Sarpten, eğitimin bilimsel ve pedagojik temellere dayalı yönetilmesi gerektiğini vurgularken, siyasi kaygılar nedeniyle bu prensiplerin göz ardı edildiğini ifade etti.
EĞİTİM SİSTEMİNDE DERİNLEŞEN SORUNLAR
Sarpten, eğitim sisteminin sorunlarının yıllar içinde daha da büyüdüğünü söyledi.
“Eğitim bir bilimdir ve pedagojik kriterlere göre yönetilmelidir. Ancak siyasi kaygılar bu temel ilkeleri gölgede bırakıyor” dedi.
Sarpten, okulların bir hafta geç açılması gibi durumların da bu plansızlığın bir göstergesi olduğunu belirterek, “Bir haftanın yaratacağı aksaklıklar hesaplanmadan kararlar alınıyor. Eğer plan yoksa, program yoksa ortada eğitim de yok demektir” ifadelerini kullandı.
DEPREM SONRASI PLANSIZ ADIMLAR
Sarpten, 6 Şubat depreminden sonra kamu okul binalarının yenilenmesi gerektiğinin gündeme geldiğini, ancak bu konuda atılan adımların plansız olduğunu vurguladı.
Eğitim bilimci Salih Sarpten “Bakanlığın attığı adımları desteklemek lazım, ancak konteyner sınıfların kalıcı çözüm gibi görülmesi eğitime vurulmuş en büyük darbedir. Okul binalarının yerine geçici çözümler üretmek, kamu eğitiminin kalitesini daha da düşürüyor. Bazı okulların bahçesine konan konteynerlerler bunun bir örneği… Bu, eğitimi geriye götüren bir uygulama” diye konuştu.

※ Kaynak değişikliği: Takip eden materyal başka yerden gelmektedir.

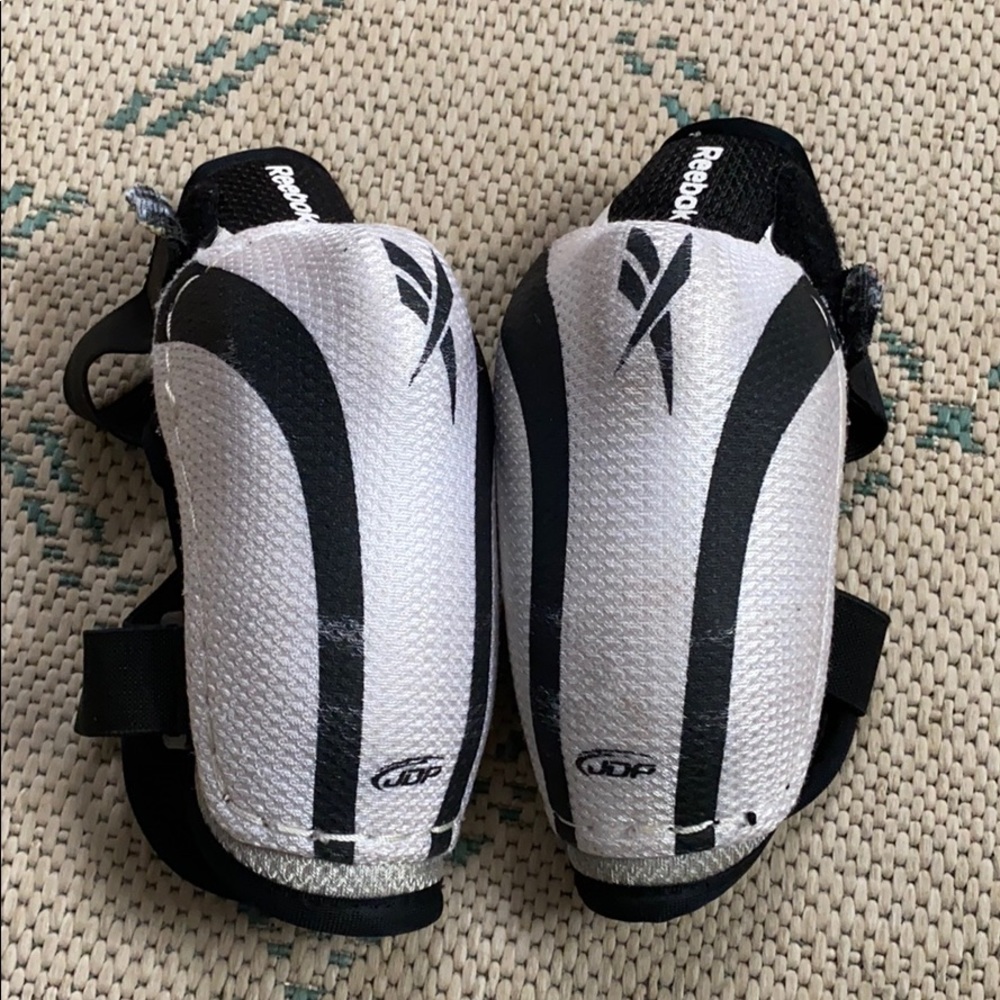 Youth hockey elbow pads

Sarpten ayrıca, okul ihtiyaçlarına yönelik yapılan bazı yatırımların yanlış yönlendirildiğini belirterek, “Kafeteryalar veya yardımcı nitelikteki binalar sınıf gibi kullanılıyor. Bu, eğitimin ciddiyetini ve kalitesini zedeliyor” dedi.
KAMU EĞİTİMİ VE BECERİLERİN GERİLEMESİ
Sarpten’in asıl endişesi ise kamu okullarındaki öğrencilerin uluslararası düzeydeki beceri eksiklikleri…

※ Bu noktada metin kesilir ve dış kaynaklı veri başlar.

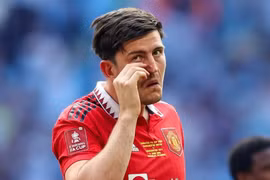 Huấn luyện viên Ten Hag tước băng thủ quân MU của trung vệ Maguire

Sarpten, “10 yaş grubundaki çocuklarımız, başka ülkelerdeki akranlarına göre çok geride. Bu, eğitim sistemimizin en büyük sorunu. Lise son sınıfa gelen bir öğrenci, bir müzik aleti çalmadan mezun oluyor, bir kez bile mikroskoba bakmadan okul hayatını tamamlıyor. Bu nasıl bir sistemdir?” diyerek eğitimdeki kalite sorunlarına dikkat çekti.

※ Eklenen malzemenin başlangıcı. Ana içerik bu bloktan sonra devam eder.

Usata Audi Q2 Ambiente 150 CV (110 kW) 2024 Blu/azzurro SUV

Sarpten, dünyadaki eğitimdeki dönüşüm ve yeniliklerin takip edilmediğini savunarak, “Girişimcilik, medya okuryazarlığı, yapay zeka gibi konular müfredatımızda yer bulmuyor. Dünyada genç insanlar, akademisyenlerin ortaya koyamadığı fikirleri sunarken, biz hala yerimizde sayıyoruz” şeklinde konuştu.